Foi por essa razão que Mark Lowcock, vice-secretário para os assuntos humanitários das Nações Unidas, voltou chocado da sua visita oficial mais recente ao país, no verão de 2018 — algo que não acontecia desde 2011. “Uma das coisas mais claras é que há provas de que é precisa ajuda humanitária aqui”, declarou. “Mais de metade das crianças nas áreas rurais, incluindo nas zonas onde estivemos, não têm água limpa, têm fontes de água contaminada.”

A subnutrição e a falta de acesso a água potável traduzem-se numa maior incidência de doenças. O relatório da ONU de 2014 destaca que os dados da OMS, da UNICEF e da Cruz Vermelha colocavam a taxa de crianças abaixo dos cinco anos com problemas respiratórios agudos nos 60% e a de crianças que sofriam de diarreia em 20%. A taxa de mortalidade dessas doenças, em 2002, estava quase nos 80%.

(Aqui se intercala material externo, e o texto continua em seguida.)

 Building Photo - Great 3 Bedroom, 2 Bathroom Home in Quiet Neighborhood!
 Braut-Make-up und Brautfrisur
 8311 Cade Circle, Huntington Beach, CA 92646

A isto somam-se os cuidados de saúde insuficientes como resposta aos problemas. Se, em Pyongyang, há hospitais com condições em termos de material e medicação, habitualmente destacados em ações de propaganda para as visitas internacionais, a situação está longe de ser a regra no resto do país, como descreveu um funcionário de uma ONG sul-coreana sobre a sua visita ao hospital pediátrico de Nampo, citado por Christopher Richardson na sua tese: “Não havia material para raios-X, nem para fazer análises ao sangue, e o equipamento de endoscopia e de monitorização dos pacientes estava completamente estragado. O telhado estava aberto no centro do edifício, com placas de metal a taparem os buracos. No verão, o calor era insuportável.”

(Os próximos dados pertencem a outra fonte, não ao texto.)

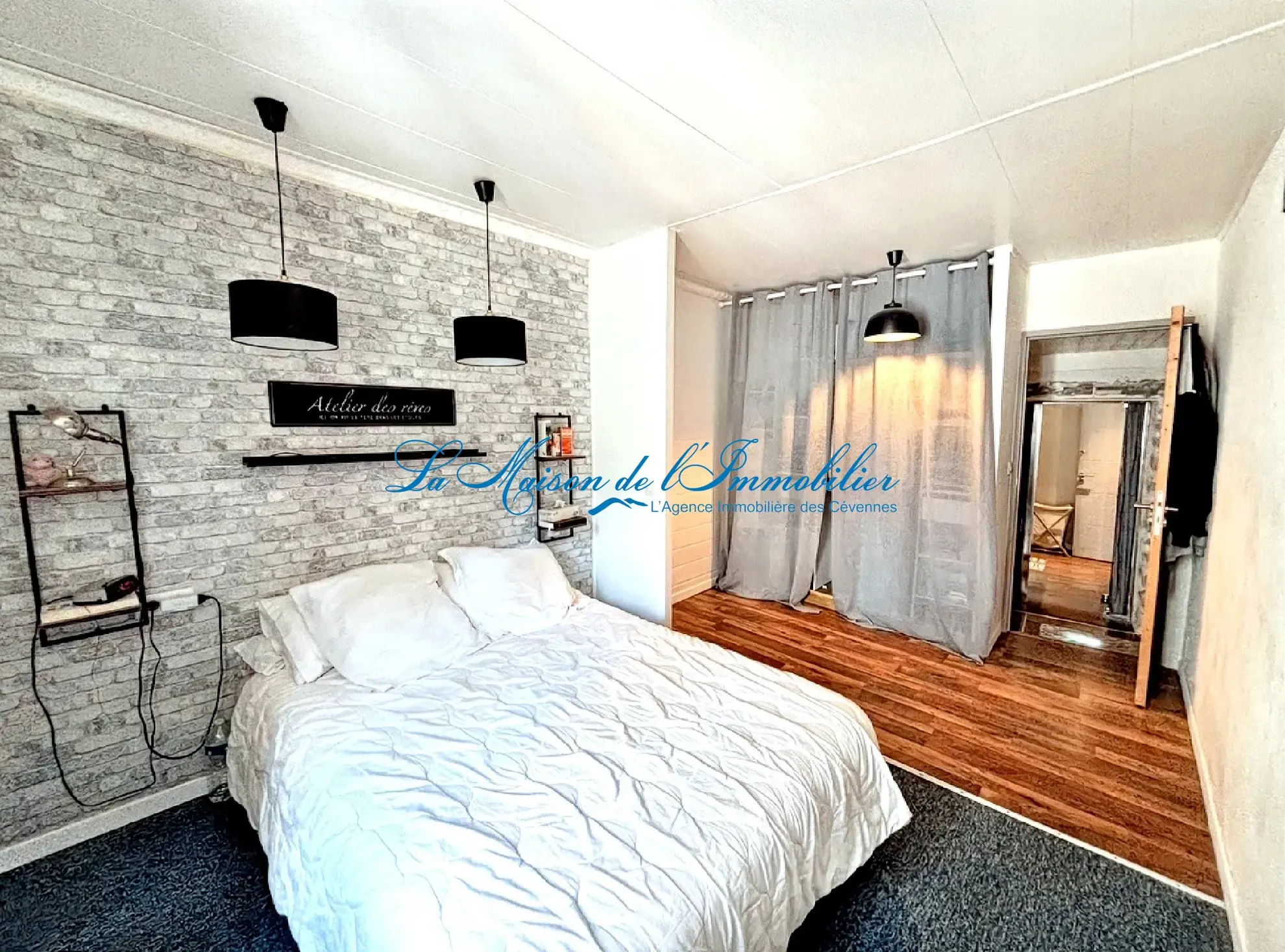 Maison de village à Corconne avec studio, atelier et terrasses – 165 m² à vendre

A situação dramática é descrita na primeira pessoa por alguns dos dissidentes da Coreia do Norte, como Ji Seong-ho, que conseguiu sair do país e acabaria convidado do próprio Presidente Donald Trump no discurso do Estado da União em 2018. Mas, antes disso, Ji Seong-ho foi submetido ao impensável, depois de ter caído de um vagão de onde estava a tentar roubar pedaços de carvão para trocar por comida, tendo sido atropelado por outro comboio. A perna e parte do braço ser-lhe-iam amputados, no hospital, numa cirurgia sem anestesia.

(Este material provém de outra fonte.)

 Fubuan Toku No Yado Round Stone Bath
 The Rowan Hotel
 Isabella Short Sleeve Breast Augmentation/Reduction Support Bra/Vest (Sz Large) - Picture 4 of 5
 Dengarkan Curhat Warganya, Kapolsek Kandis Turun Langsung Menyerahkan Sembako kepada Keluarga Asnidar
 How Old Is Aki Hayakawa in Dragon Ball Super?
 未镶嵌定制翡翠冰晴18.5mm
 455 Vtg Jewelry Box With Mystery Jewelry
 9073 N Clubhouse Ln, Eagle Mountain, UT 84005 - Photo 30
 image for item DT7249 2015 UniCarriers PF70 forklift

“Ainda me consigo lembrar dos instrumentos cirúrgicos que havia na sala. Não houve transfusões de sangue, nem analgésicos. Ainda me lembro de forma vívida, até hoje, do som da serra a cortar o osso da minha perna e da vibração que isso provocou no meu corpo todo (…). Sem quaisquer anestésicos extra, fui enviado para casa e não tínhamos dinheiro para comprar medicamentos. Foi ainda mais difícil do que a morte tentar sobreviver cada dia depois da cirurgia. Todas as noites eu chorava com dores e sussurrava ‘por favor, matem-me’, ‘por favor, matem-me’.” Tinha 14 anos.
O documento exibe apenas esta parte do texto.